**TRY IT**
Reproduce all of the data exactly. Images are not to appear in the reply.

**COLLECTED DATA**
Start of Block
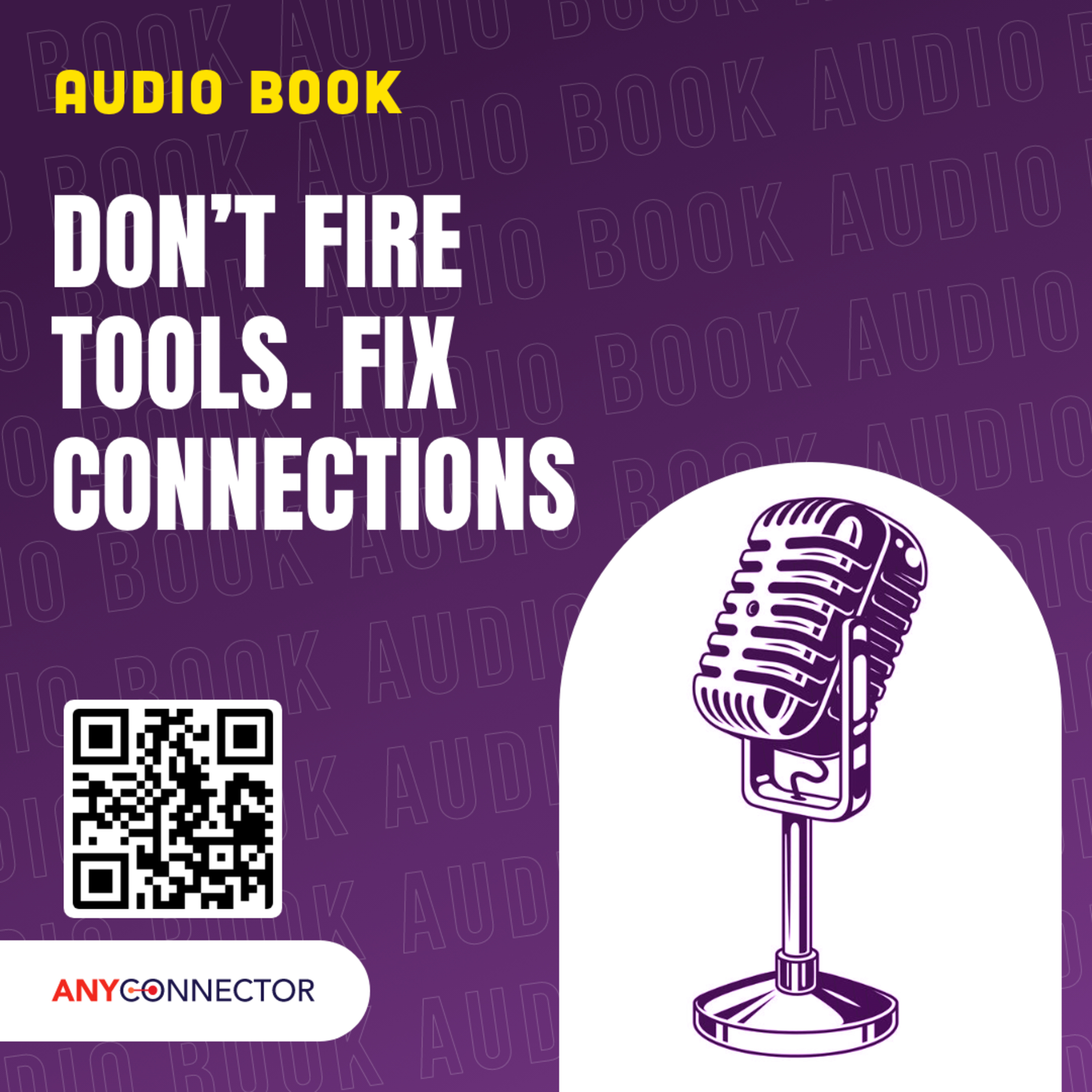 If Your Restaurant Tools Were Employees | Who Would You Fire First? episode artwork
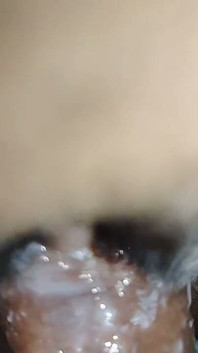 Desi Doctor Fucked Hard 9 Months Pregnant Lady Indian Sex Indian Bhabi Desi Sex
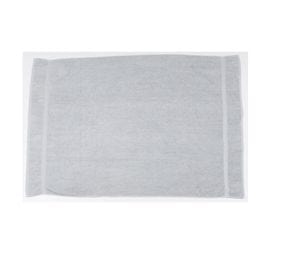 Towel city TC006 - Telo da bagno Grey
End of Block
**PROBLEM SOLUTION**
 If Your Restaurant Tools Were Employees | Who Would You Fire First? episode artwork
 Desi Doctor Fucked Hard 9 Months Pregnant Lady Indian Sex Indian Bhabi Desi Sex
 Towel city TC006 - Telo da bagno Grey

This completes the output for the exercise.